I found some error in /var/adm/messages file .

Feb 15 10:59:19 dmc01 vxfen: NOTICE: VCS FEN WARNING V-11-1-43 Failed to preempt and abort node 1 from disk
Feb 15 10:59:19 dmc01 with serial number 600C0FF0000000000983A8688F557302
Feb 15 10:59:19 dmc01 vxfen: NOTICE: VCS FEN NOTICE V-11-1-23 Starting to eject leaving node(s) from data disks.
Feb 15 10:59:19 dmc01 vxfen: NOTICE: VCS FEN ERROR V-11-1-19 Call into volume manager failed. Unable to fence off data disks
Feb 15 10:59:19 dmc01 vxfen: NOTICE: VCS FEN NOTICE V-11-1-22 Completed ejection of leaving node(s) from data disks.

----------------------------------------------------------

Feb 15 16:25:26 dmc01 last message repeated 2 times
Feb 15 16:25:45 dmc01 Had: VCS ERROR V-16-1-1004 (dmc02) DiskGroup:dserver_DG:online:** ERROR: vxdg import failed on Disk Group dserver_dg after vxdctl enable
Feb 15 16:26:27 dmc01 Had: VCS ERROR V-16-1-1003 (dmc02) DiskGroup:sms_DG:online:** ERROR: vxdg import (force) failed on Disk Group sms_dg
Feb 15 16:26:59 dmc01 Had: VCS ERROR V-16-1-1004 (dmc02) DiskGroup:sms_DG:online:** ERROR: vxdg import failed on Disk Group sms_dg after vxdctl enable
Feb 15 16:28:46 dmc01 Had: VCS ERROR V-16-1-13066 (dmc02) Agent is calling clean for resource(dserver_DG) because the resource is not up even after online completed.
Feb 15 16:29:29 dmc01 Had: VCS ERROR V-16-1-1003 (dmc02) DiskGroup:dserver_DG:online:** ERROR: vxdg import (force) failed on Disk Group dserver_dg
Feb 15 16:30:01 dmc01 Had: VCS ERROR V-16-1-1004 (dmc02) DiskGroup:dserver_DG:online:** ERROR: vxdg import failed on Disk Group dserver_dg after vxdctl enable
Feb 15 16:30:03 dmc01 Had: VCS ERROR V-16-1-13066 (dmc02) Agent is calling clean for resource(sms_DG) because the resource is not up even after online completed.
Feb 15 16:30:27 dmc01 vxvm:vxconfigd: V-5-1-5760 sms_dg: dg import with I/O fence enabled
Feb 15 16:30:27 dmc01 vxvm:vxconfigd:
Feb 15 16:30:27 dmc01 vxfen: NOTICE: VCS FEN INFO V-11-1-34 The ioctl VXFEN_IOC_CLUSTSTAT returned 0
Feb 15 16:30:28 dmc01 last message repeated 2 times
Feb 15 16:30:47 dmc01 Had: VCS ERROR V-16-1-1003 (dmc02) DiskGroup:sms_DG:online:** ERROR: vxdg import (force) failed on Disk Group sms_dg
Feb 15 16:31:19 dmc01 Had: VCS ERROR V-16-1-1004 (dmc02) DiskGroup:sms_DG:online:** ERROR: vxdg import failed on Disk Group sms_dg after vxdctl enable
Feb 15 16:32:09 dmc01 Had: VCS ERROR V-16-1-1003 (dmc02) DiskGroup:dserver_DG:online:** ERROR: vxdg import (force) failed on Disk Group dserver_dg
Feb 15 16:32:40 dmc01 Had: VCS ERROR V-16-1-1004 (dmc02) DiskGroup:dserver_DG:online:** ERROR: vxdg import failed on Disk Group dserver_dg after vxdctl enable

Gene_Henriksen · ‎02-19-2006

Did you test both the data DGs and the fencing DG with vxfentsthdw?
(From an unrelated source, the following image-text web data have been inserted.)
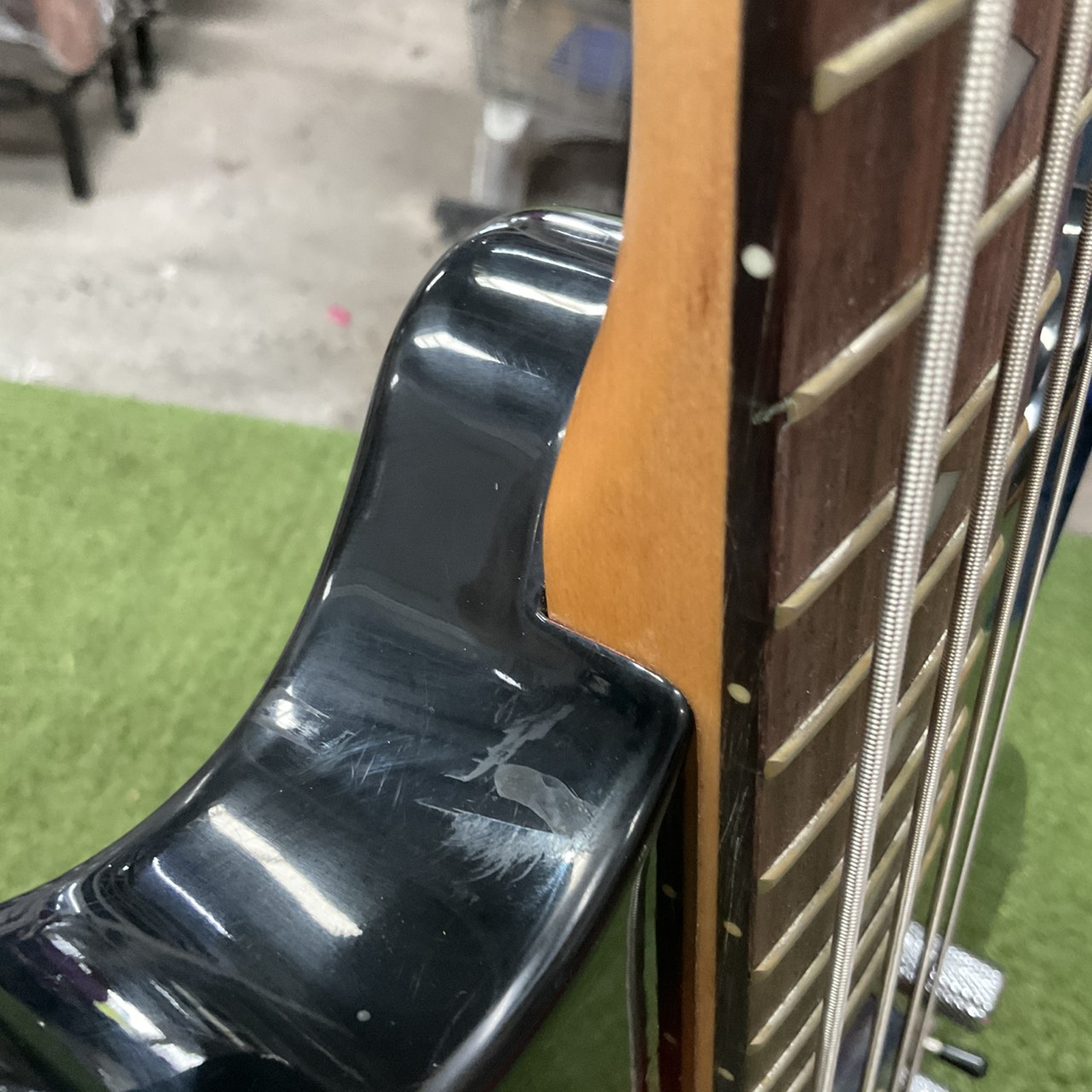 กีต้าร์เบส R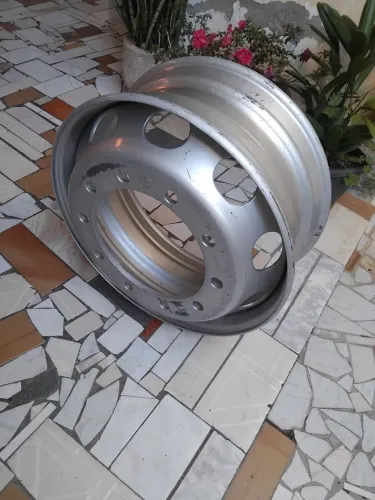 Roda de aço caminhão 10 furos 22,5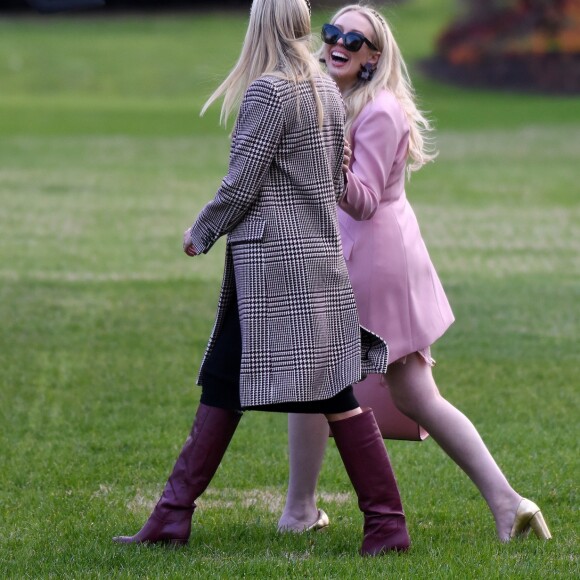 Ivanka et Tiffany Trump quittent la Maison-Blanche pour se rendre en Floride pour les fêtes de Thanksgiving, le 20 novembre 2018.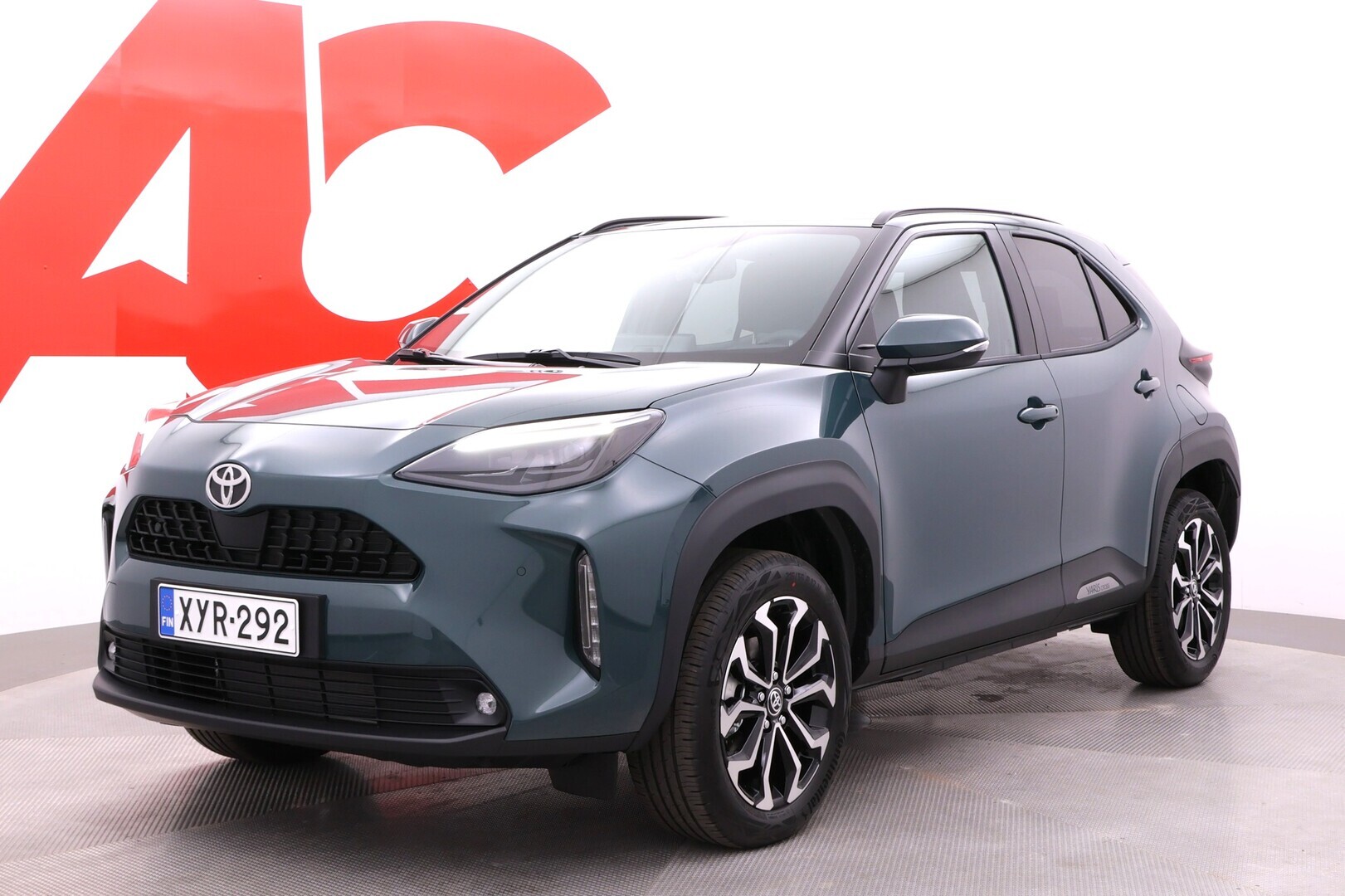 TOYOTA Yaris Cross 2025
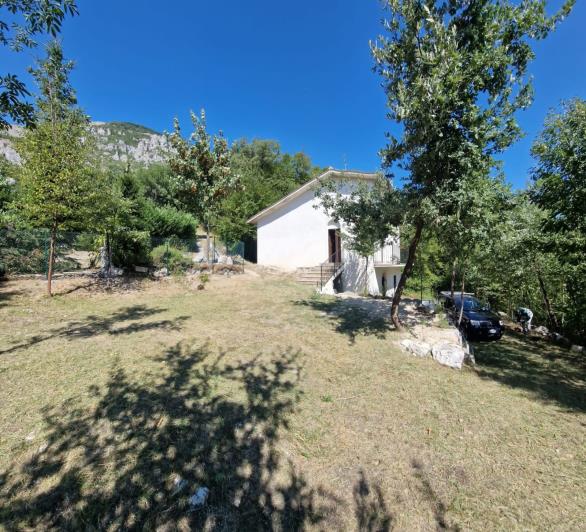 Image No.25-Ferme de 1 chambre à vendre à Fara San Martino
Be sure to run it with -r for read only on your data DGs.

for the fencing DG
vxfentsthdw -g

for the data DG
vxfentsthdw -rg

If it isn't in your execute path, vxfentsthdw is in /opt/VRTSvcs/vxfen/bin

It is important to verify that the disks and disk array support SCSI3 PR. Read the man pages on vxfentsthdw and vxfenadm.

See the Install Guide for VCS pages 116 and following (on 4.1) for a discussion of testing the hardware.

When we set up the VERITAS training classrooms, it took a wile for us to discover all the correct settings for the Hitachi arrays.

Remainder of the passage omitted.